D’altronde, occorre ribadirlo, l’ammirazione con cui non si può che guardare alla parabola di Sarri non è dettata solo da spirito “partigiano” ma deriva anche da un’umiltà e da una serietà che le luci della ribalta non hanno scalfito e che sono fuori dal comune: lo conferma anche un grintoso marcatore come Federico Ugolini (verrebbe da dire… parola alla difesa!) che, oltre alle scrupolose e proficue informazioni fornite di volta in volta sugli avversari, ricorda gli inusuali, per i tempi, allenamenti di rifinitura del sabato mattina: le suddette sessioni costringevano i giocatori provenienti da Arezzo o dalla provincia di Firenze a pernottare nel comune casentinese il venerdì sera ma, grazie alle cene svoltesi in queste occasioni, non solo preparavano a dovere tutto il team, ma cementavano anche lo spirito di gruppo.
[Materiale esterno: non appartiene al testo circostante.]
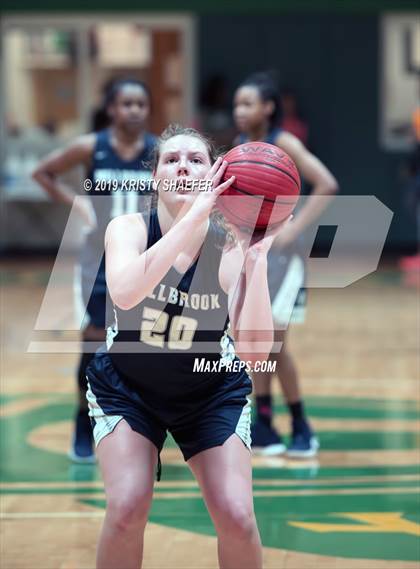 Thumbnail 2 in Millbrook @ Cardinal Gibbons photogallery.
Lo stesso spirito di gruppo emerge dalle parole di Vanni: «Maurizio è una persona stupenda, un grandissimo allenatore, merita la panchina del Napoli, è la dimostrazione che il lavoro, il sacrificio e la passione pagano sempre», e da un legame sempre vivo e che consiste in inviti a premiazioni e conferenze, dove Sarri può intrattenersi a parlare mezz’ora di palle inattive comprese le rimesse laterali e il calcio d’inizio, o in occasioni di incontro particolari come un’amichevole tra le prime due squadre allenate dal nostro (Stia e Faellese) promossa l’anno scorso per celebrare la sua promozione in Serie A con l’Empoli.
Insomma l’Italia ha una grande tradizione di allenatori e i Casentinesi, alla luce di quanto detto, dovrebbero essere orgogliosi se a rinverdirne i fasti fosse un mister serio e preparato ma soprattutto un uomo verace e leale come Sarri… da Stia!